====== DATA SECTION

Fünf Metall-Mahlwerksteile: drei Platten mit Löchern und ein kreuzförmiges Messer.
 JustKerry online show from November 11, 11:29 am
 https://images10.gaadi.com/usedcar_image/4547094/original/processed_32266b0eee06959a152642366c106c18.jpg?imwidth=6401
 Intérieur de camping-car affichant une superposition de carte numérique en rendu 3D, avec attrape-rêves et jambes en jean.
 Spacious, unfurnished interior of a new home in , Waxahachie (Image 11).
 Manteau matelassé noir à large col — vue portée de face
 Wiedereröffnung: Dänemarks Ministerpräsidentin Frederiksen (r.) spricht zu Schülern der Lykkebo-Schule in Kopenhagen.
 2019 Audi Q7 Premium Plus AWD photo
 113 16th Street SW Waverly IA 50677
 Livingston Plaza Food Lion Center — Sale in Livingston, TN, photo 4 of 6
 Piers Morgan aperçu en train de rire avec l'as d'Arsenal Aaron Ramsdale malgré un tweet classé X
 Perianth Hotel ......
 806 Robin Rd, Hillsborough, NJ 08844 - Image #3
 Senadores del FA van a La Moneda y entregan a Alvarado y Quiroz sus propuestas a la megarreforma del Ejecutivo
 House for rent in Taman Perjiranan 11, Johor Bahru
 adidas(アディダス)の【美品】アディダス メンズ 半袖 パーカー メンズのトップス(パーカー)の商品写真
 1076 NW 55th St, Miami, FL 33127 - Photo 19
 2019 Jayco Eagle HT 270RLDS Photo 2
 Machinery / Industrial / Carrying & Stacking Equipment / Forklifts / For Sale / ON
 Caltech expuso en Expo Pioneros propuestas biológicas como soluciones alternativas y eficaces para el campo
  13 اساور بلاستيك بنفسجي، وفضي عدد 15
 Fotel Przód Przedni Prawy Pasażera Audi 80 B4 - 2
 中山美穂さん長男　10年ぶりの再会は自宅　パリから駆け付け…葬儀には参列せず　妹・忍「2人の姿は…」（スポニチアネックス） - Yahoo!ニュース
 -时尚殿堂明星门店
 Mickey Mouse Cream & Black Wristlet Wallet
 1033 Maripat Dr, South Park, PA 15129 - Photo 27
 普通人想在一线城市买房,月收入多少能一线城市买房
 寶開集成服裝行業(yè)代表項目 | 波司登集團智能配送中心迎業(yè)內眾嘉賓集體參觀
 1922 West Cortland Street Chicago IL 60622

============

### TASK DIRECTIONS
The records are to be repeated in full, exactly as they stand.

### TASK ANSWER
Fünf Metall-Mahlwerksteile: drei Platten mit Löchern und ein kreuzförmiges Messer.
 JustKerry online show from November 11, 11:29 am
 https://images10.gaadi.com/usedcar_image/4547094/original/processed_32266b0eee06959a152642366c106c18.jpg?imwidth=6401
 Intérieur de camping-car affichant une superposition de carte numérique en rendu 3D, avec attrape-rêves et jambes en jean.
 Spacious, unfurnished interior of a new home in , Waxahachie (Image 11).
 Manteau matelassé noir à large col — vue portée de face
 Wiedereröffnung: Dänemarks Ministerpräsidentin Frederiksen (r.) spricht zu Schülern der Lykkebo-Schule in Kopenhagen.
 2019 Audi Q7 Premium Plus AWD photo
 113 16th Street SW Waverly IA 50677
 Livingston Plaza Food Lion Center — Sale in Livingston, TN, photo 4 of 6
 Piers Morgan aperçu en train de rire avec l'as d'Arsenal Aaron Ramsdale malgré un tweet classé X
 Perianth Hotel ......
 806 Robin Rd, Hillsborough, NJ 08844 - Image #3
 Senadores del FA van a La Moneda y entregan a Alvarado y Quiroz sus propuestas a la megarreforma del Ejecutivo
 House for rent in Taman Perjiranan 11, Johor Bahru
 adidas(アディダス)の【美品】アディダス メンズ 半袖 パーカー メンズのトップス(パーカー)の商品写真
 1076 NW 55th St, Miami, FL 33127 - Photo 19
 2019 Jayco Eagle HT 270RLDS Photo 2
 Machinery / Industrial / Carrying & Stacking Equipment / Forklifts / For Sale / ON
 Caltech expuso en Expo Pioneros propuestas biológicas como soluciones alternativas y eficaces para el campo
  13 اساور بلاستيك بنفسجي، وفضي عدد 15
 Fotel Przód Przedni Prawy Pasażera Audi 80 B4 - 2
 中山美穂さん長男　10年ぶりの再会は自宅　パリから駆け付け…葬儀には参列せず　妹・忍「2人の姿は…」（スポニチアネックス） - Yahoo!ニュース
 -时尚殿堂明星门店
 Mickey Mouse Cream & Black Wristlet Wallet
 1033 Maripat Dr, South Park, PA 15129 - Photo 27
 普通人想在一线城市买房,月收入多少能一线城市买房
 寶開集成服裝行業(yè)代表項目 | 波司登集團智能配送中心迎業(yè)內眾嘉賓集體參觀
 1922 West Cortland Street Chicago IL 60622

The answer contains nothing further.